Google Cloud BigQuery Client (async)
gcloud-aio-bigquery is an asynchronous Python client for Google Cloud BigQuery, built on `asyncio` and `aiohttp`. It's part of the `gcloud-aio-*` family, providing an asynchronous HTTP implementation of Google Cloud client libraries. The current version is 7.1.0 and it maintains an active release cadence.
Warnings
- gotcha The `gcloud-aio-bigquery` library currently does not support deleting rows from a table via its API. Users requiring this functionality may need to use alternative methods like the standard `google-cloud-bigquery` library or BigQuery's DML statements directly.
- gotcha There can be confusion between `gcloud-aio-*` (asynchronous) and `gcloud-rest-*` (synchronous) client libraries, as they share a codebase and similar naming conventions. Ensure you are importing and using the correct `gcloud.aio.*` modules for asynchronous operations.

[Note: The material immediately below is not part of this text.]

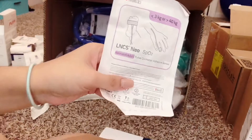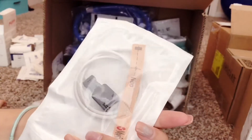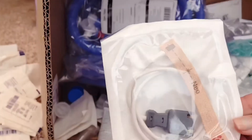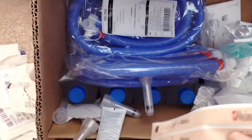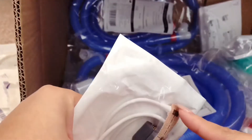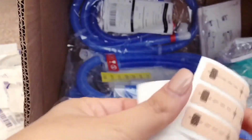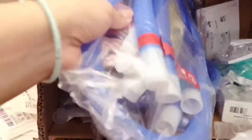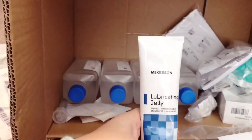This is what we use to track her oxygen levels and heart rate — it's a pulse ox. We connect it to the little machine and put it on her toe preferably, but if she's in a stand or something we'll put it on her hand. I think we only get four of those. We also get extras of the adhesive sensors in case the sticky starts to wear off.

- gotcha The `query_response_to_dict` utility may raise exceptions when processing nullable integer fields that contain `None` values. This can lead to data parsing errors for queries returning sparse data.
- gotcha Overusing `SELECT *` in BigQuery queries can significantly increase query costs and execution time, as BigQuery charges based on the amount of data scanned. This is a fundamental BigQuery best practice that applies to `gcloud-aio-bigquery` as well.
Install
-
pip install gcloud-aio-bigquery
Imports
- BigQuery
from gcloud.aio.bigquery import BigQuery
- Token
from gcloud.aio.auth import Token
Quickstart
import asyncio
import os
import aiohttp
from gcloud.aio.auth import Token
from gcloud.aio.bigquery import BigQuery
async def main():
# Ensure GOOGLE_CLOUD_PROJECT and GOOGLE_APPLICATION_CREDENTIALS
# are set in your environment for authentication.
project = os.environ.get('GOOGLE_CLOUD_PROJECT', 'your-gcp-project-id') # Replace with your project ID
async with aiohttp.ClientSession() as session:
# Obtain Google Cloud credentials token
token = await Token(session=session).get()
# Initialize BigQuery client
client = BigQuery(project=project, session=session, token=token)
query = """
SELECT name, SUM(number) as total_babies
FROM `bigquery-public-data.usa_names.usa_1910_2013`
WHERE state = 'TX'
GROUP BY name
ORDER BY total_babies DESC
LIMIT 5
"""
print(f"Executing query for project: {project}")
job_id, result = await client.query_and_wait(query)
print(f"Query Job ID: {job_id}")
print("Top 5 baby names in Texas (1910-2013):")
for row in result['rows']:
print(f"- {row['name']}: {row['total_babies']}")
if __name__ == "__main__":
asyncio.run(main())